A herd of little Americas running around in the Arabian sandbox
Before I get back to hyperbolating (new word!) about the alien devastation, Spielberg reeked on my mind yesterday, I'd like to point to this insightful commentary from everyone's favorite (well, except James Wolcott) stew of conservative yucking, The Corner. This is what John Derbyshire worries about regarding the President's attitude towards Iraq:
It is one part of the fundamental American creed that any person can be made into an American. With some basic exclusions -- "any person" should not be a drug addict, an ax murderer, a committed Marxist-Leninist, or a suicide bomber -- this is true. It's only true at the individual level, which is the level at which we do most of our thinking -- we are individualists. Ship, say, 300 million Chinese peasants to the USA, and the nation would be radically transformed... but so far I have heard of no plans by the Bush administration to do that.Now, I didn't get to hear the speech on account of some tremendous, earthshaking conflicts that threatened my very existence (I forgot, and then fell asleep), but think Mr. Derbyshire's statement rings true even without Bush's most recent words.

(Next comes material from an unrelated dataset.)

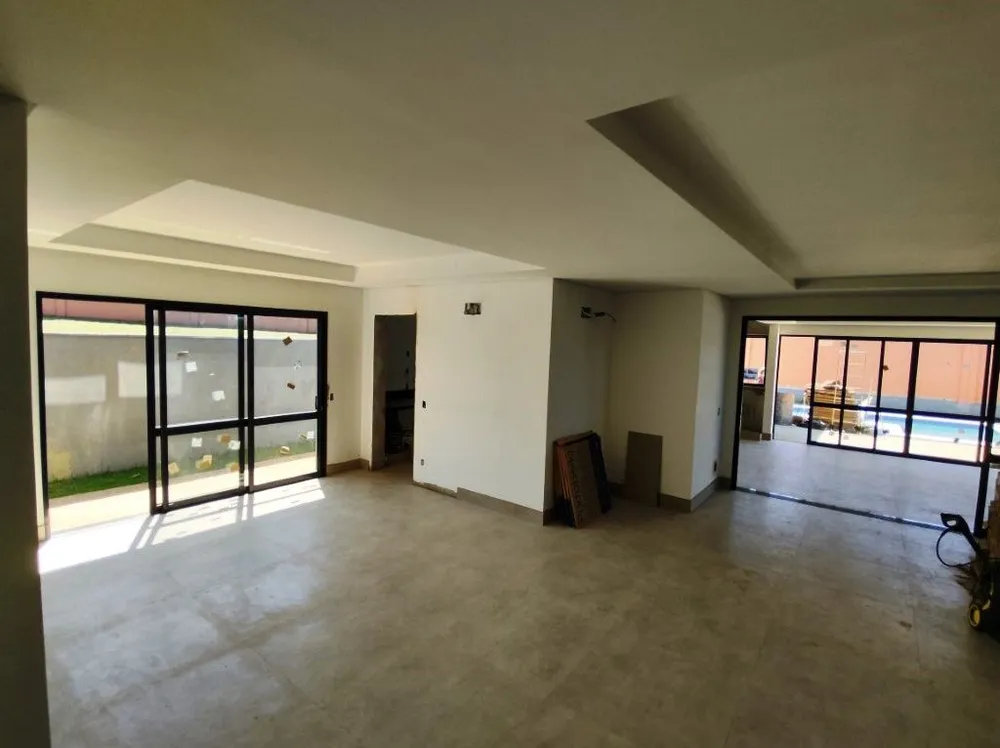 Casa, 4 quartos, 402 m² - Foto 1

It does not, however, follow that every nation can be made into America. Yet this seems to be what the President believes, unless (which I don't think is the case) he is an extraordinarily good actor. George W. Bush has completely internalized the multi-culti creed: Not only are all human beings broadly the same (true), but all human societies are broadly the same (false), or can be made so by spending some money and shipping in some management consultants and systems analysts (false, false, false).

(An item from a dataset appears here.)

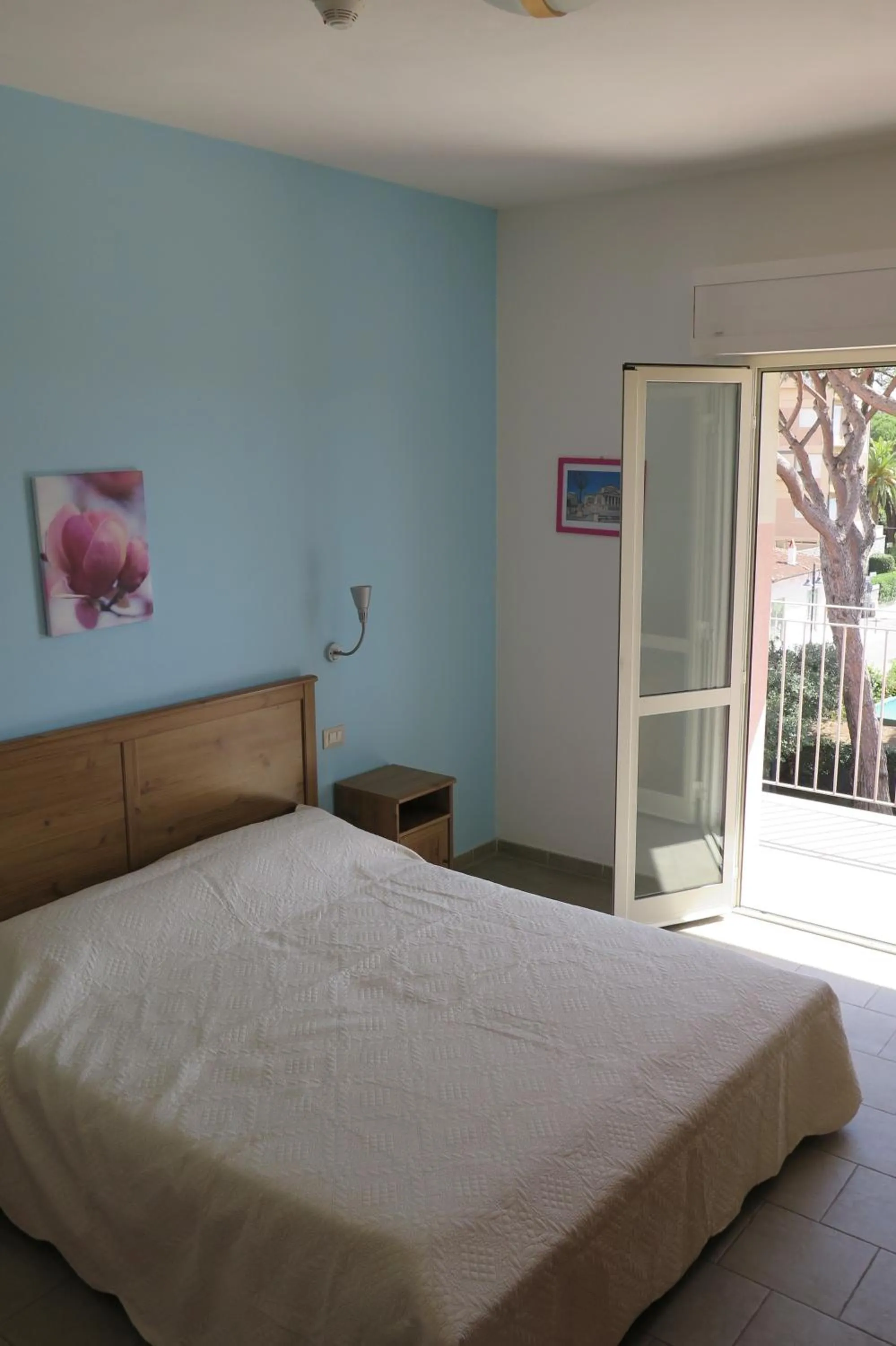 One-Bedroom Apartment with Balcony and  Sea View in Residence Happy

Many of the neocon set have blundered into thinking that with a little bit of spit and polish, the U.S. can march into a country and turn it upside down with a little bit of determination and stick-to-itiveness. But producing a free-thinking Western style democracy is not the product of just a little more elbow grease; it's the result of decades, if not centuries, of cultural attunement.
Think of slavery. The racial bias it created is something we're still dealing with 150 years after the fact. Niether Iraq nor its Arab counterparts are not going to become America II without lifetimes of patience and cultural refinement. America wasn't built in a day, and two hundred years later, it's clearly still developing. Let's hope our leaders will have the foresight and patience not to expect anything more from Iraq.